Seminari Tinggi Menatap Masa Depan
Selama kurun waktu 82 tahun ini, dan 50 tahun Seminari Tinggi St. Paulus di Kentungan, Seminari Tinggi telah mengalami berbagai macam gerak dinamika proses pembinaan para calon imam. Dengan mewarisi dan merefleksikan sejarah peziarahan dalam mendidik para calon imam dari perspektif kebijakan rektor-rektor ini, Seminari Tinggi hendak menatap masa depan Gereja Indonesia yang mandiri. Cita-cita ini hendaknya selalu mengarahkan segenap umat beriman untuk mau terlibat aktif dalam mengembangkan Gereja dengan selalu menghidupkan dan mendukung panggilan imamat. Tongkat estafet pewartaan Injil bagi umat manusia di segala tempat dan segala zaman harus senantiasa diteruskan. Semoga dengan selalu belajar dan terbuka pada penyelenggaraan-Nya, pendidikan imam dapat memformat para calon imamnya untuk semakin menghayati imamatnya secara kontekstual dalam rangka menghadirkan Kristus, yakni kepenuhan Kerajaan Allah di sepanjang zaman.

“Visi imamat perlu dimiliki oleh para calon imam dan para pendamping. Dengan demikian, visi imamat ini menjadi nilai pokok pribadi para calon imam. Visi imamat ini tidak hanya bersifat intelektual tetapi juga spiritual, emosional, dan menyangkut perilaku pribadi dan sosial”. “Segenap warga seminari hendaknya meneladan semangat St. Paulus, Pelindung Seminari Tinggi, sehingga mutu kepribadian sebagai imam dan calon gembala umat sungguh didasarkan pada persaudaraan yang sejati, tulus dan iklas seperti layaknya Santo Paulus”. “Imam yang dibutuhkan pada masa kini dan masa yang akan datang adalah imam yang commited terhadap panggilannya. “Commited” berarti mau dengan rela menyerahkan diri kepada Allah yang memanggilnya karena tergerak akan cinta. Selain itu, seorang romo hendaknya memiliki semangat belajar, yaitu memiliki keinginan untuk berkembang dan diperkembangkan”. “Semangat untuk terlibat secara penuh dengan gerak keuskupan perlu senantiasa dimiliki oleh calon imam maupun imam diosesan. Untuk mewujudkannya, diperlukan pembinaan yang mengarahkan para calon imam untuk memiliki semangat taat asas, berkompeten (profesional), dan selalu terbuka terhadap on going formation imam-imam diosesan”. “Learning – Habit – Believe – Mission adalah suatu pola lingkaran kehidupan terus menerus dalam dinamika hidup sebagai calon imam yang sadar, peka, dan tanggungjawab terhadap panggilannya dan Gereja yang diabdinya”. “Rumah formatio tidak boleh menjadi rumah yang “menyeramkan”, sebaliknya harus menjadi “comfortable place” bagi formandi maupun formator. Maka, motto di tahun 2018 ini: Dadi Suluh, Dadi Sulur, lan Dadi Suluk mesti diperjuangkan secara personal dan komunal. Artinya, hidup imam sebagai terang, tempat bergayuh dan mempunyai swara yang bijak dan indah hanya akan terjadi, jika di tempat pendidikan ini para calon imam mulai sungguh-sungguh mengusahakan dan menempatkannya sebagai terjemahan dari cita-cita atau visi pendidikan Seminari Tinggi St. Paulus”.

 

11. Rm. Alexius Dwi Aryanto (1 Januari 2022 – sekarang)

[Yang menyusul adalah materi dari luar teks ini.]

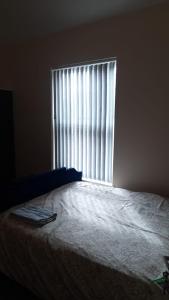 a bedroom with a bed and a large window at Lovely Bedroom with Free parking in Walsall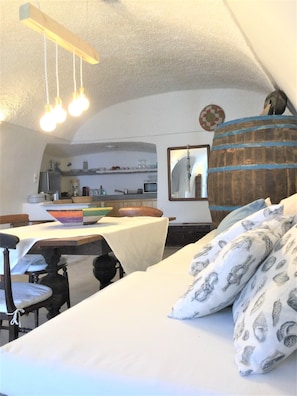 The living room (old winery) and the kitchen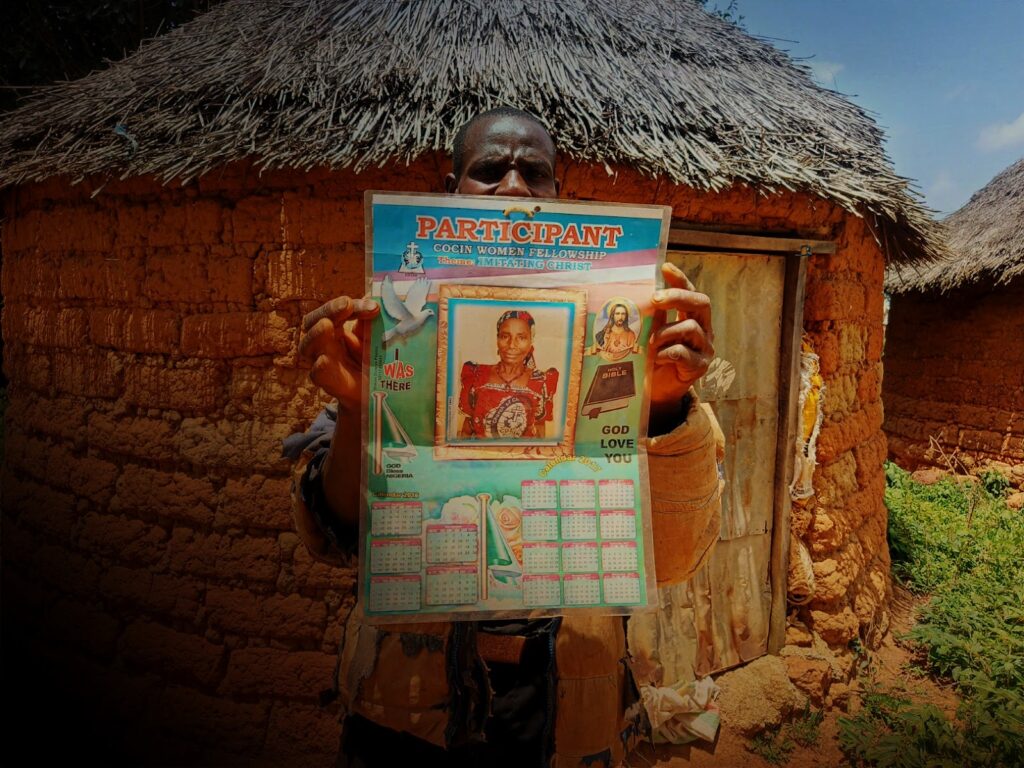 A person holding a colorful religious poster in front of a thatched-roof mud house.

Menjawab panggilan Tuhan dalam penghayatan imamat adalah wujud cinta kita kepada Allah yang telah lebih dahulu mencintai kita. Dia mencintai kita tanpa batas dan mencapai puncaknya dalam seluruh hidup Yesus Sang Imam Agung dan Gembala. Yesus Kristus menganugerahkan imamat kepada kita agar kita pun menjadi imam seperti Dia, yang penuh totalitas siap menjadi imam, nabi dan raja. Tritugas Yesus Kristus tersebut harus dihayati dalam pergumulan imamat sebagai suatu persembahan hidup bagi Allah dan Gereja. Oleh karena itu agar dapat mengemban tugas yang mulia itu dibutuhkan pribadi-pribadi yang tangguh, matang, berintegritas. Tidak hanya itu, untuk dapat menjalankan fungsi imamat secara utuh dibutuhkan pengetahuan dan kecakapan yang memadai, kehidupan rohani yang kuat dan mendalam serta ketrampilan-ketrampilan pastoral yang dapat dihandalkan. Maka dari itu para imam dan calon imam harus bisa “mbangun urip kang jejeg, bener, becik, cetho lan tumata” agar menjadi suri teladan bagi umat beriman.